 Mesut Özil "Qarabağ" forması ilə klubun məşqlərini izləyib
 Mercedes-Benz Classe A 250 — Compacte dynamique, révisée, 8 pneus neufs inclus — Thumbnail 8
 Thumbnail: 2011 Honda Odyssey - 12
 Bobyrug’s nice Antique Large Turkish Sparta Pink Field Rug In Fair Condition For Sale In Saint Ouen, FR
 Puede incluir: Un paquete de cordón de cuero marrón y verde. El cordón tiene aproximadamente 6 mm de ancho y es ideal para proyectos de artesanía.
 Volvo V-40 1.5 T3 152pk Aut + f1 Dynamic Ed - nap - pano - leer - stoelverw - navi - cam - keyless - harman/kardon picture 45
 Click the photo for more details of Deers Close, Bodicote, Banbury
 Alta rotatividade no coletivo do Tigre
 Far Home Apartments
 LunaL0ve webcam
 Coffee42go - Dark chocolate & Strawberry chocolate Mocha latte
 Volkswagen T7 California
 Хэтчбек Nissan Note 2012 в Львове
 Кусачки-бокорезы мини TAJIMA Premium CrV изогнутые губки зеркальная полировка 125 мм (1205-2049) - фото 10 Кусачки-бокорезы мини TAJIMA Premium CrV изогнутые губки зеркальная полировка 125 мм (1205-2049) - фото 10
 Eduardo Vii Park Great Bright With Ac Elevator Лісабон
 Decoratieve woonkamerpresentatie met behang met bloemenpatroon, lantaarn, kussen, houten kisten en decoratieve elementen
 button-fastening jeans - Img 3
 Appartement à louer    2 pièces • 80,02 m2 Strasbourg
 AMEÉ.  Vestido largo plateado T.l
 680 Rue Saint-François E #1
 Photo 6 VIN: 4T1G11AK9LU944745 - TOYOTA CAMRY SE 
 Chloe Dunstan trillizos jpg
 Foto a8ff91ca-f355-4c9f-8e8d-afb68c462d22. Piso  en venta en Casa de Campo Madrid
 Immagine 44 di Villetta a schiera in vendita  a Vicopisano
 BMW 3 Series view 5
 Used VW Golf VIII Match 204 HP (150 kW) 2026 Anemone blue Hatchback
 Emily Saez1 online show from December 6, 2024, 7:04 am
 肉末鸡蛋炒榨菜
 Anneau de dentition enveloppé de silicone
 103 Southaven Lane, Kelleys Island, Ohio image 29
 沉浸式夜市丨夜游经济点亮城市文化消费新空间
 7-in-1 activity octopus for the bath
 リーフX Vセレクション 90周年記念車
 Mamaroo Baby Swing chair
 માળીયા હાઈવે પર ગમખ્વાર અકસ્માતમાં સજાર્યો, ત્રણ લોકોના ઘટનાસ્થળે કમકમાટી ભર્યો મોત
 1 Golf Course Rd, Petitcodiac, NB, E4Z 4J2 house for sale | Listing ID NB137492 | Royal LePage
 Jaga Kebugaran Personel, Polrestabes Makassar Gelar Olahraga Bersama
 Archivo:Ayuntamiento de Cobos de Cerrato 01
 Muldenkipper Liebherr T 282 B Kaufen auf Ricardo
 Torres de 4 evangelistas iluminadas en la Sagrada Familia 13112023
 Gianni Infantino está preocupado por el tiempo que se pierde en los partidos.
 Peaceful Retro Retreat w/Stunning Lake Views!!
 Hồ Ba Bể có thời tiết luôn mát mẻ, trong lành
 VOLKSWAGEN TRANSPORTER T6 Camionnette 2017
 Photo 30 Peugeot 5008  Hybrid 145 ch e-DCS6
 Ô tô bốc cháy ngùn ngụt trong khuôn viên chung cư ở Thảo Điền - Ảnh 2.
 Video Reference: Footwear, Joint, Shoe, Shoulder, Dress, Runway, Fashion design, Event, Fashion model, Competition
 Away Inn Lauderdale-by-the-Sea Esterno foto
☆ ☆ ☆
### Exercise objective
Exactly as written, reproduce the lines of the data above from the first line through the line where "માળીયા હાઈવે પર" appears.

### Problem solution
 Mesut Özil "Qarabağ" forması ilə klubun məşqlərini izləyib
 Mercedes-Benz Classe A 250 — Compacte dynamique, révisée, 8 pneus neufs inclus — Thumbnail 8
 Thumbnail: 2011 Honda Odyssey - 12
 Bobyrug’s nice Antique Large Turkish Sparta Pink Field Rug In Fair Condition For Sale In Saint Ouen, FR
 Puede incluir: Un paquete de cordón de cuero marrón y verde. El cordón tiene aproximadamente 6 mm de ancho y es ideal para proyectos de artesanía.
 Volvo V-40 1.5 T3 152pk Aut + f1 Dynamic Ed - nap - pano - leer - stoelverw - navi - cam - keyless - harman/kardon picture 45
 Click the photo for more details of Deers Close, Bodicote, Banbury
 Alta rotatividade no coletivo do Tigre
 Far Home Apartments
 LunaL0ve webcam
 Coffee42go - Dark chocolate & Strawberry chocolate Mocha latte
 Volkswagen T7 California
 Хэтчбек Nissan Note 2012 в Львове
 Кусачки-бокорезы мини TAJIMA Premium CrV изогнутые губки зеркальная полировка 125 мм (1205-2049) - фото 10 Кусачки-бокорезы мини TAJIMA Premium CrV изогнутые губки зеркальная полировка 125 мм (1205-2049) - фото 10
 Eduardo Vii Park Great Bright With Ac Elevator Лісабон
 Decoratieve woonkamerpresentatie met behang met bloemenpatroon, lantaarn, kussen, houten kisten en decoratieve elementen
 button-fastening jeans - Img 3
 Appartement à louer    2 pièces • 80,02 m2 Strasbourg
 AMEÉ.  Vestido largo plateado T.l
 680 Rue Saint-François E #1
 Photo 6 VIN: 4T1G11AK9LU944745 - TOYOTA CAMRY SE 
 Chloe Dunstan trillizos jpg
 Foto a8ff91ca-f355-4c9f-8e8d-afb68c462d22. Piso  en venta en Casa de Campo Madrid
 Immagine 44 di Villetta a schiera in vendita  a Vicopisano
 BMW 3 Series view 5
 Used VW Golf VIII Match 204 HP (150 kW) 2026 Anemone blue Hatchback
 Emily Saez1 online show from December 6, 2024, 7:04 am
 肉末鸡蛋炒榨菜
 Anneau de dentition enveloppé de silicone
 103 Southaven Lane, Kelleys Island, Ohio image 29
 沉浸式夜市丨夜游经济点亮城市文化消费新空间
 7-in-1 activity octopus for the bath
 リーフX Vセレクション 90周年記念車
 Mamaroo Baby Swing chair
 માળીયા હાઈવે પર ગમખ્વાર અકસ્માતમાં સજાર્યો, ત્રણ લોકોના ઘટનાસ્થળે કમકમાટી ભર્યો મોત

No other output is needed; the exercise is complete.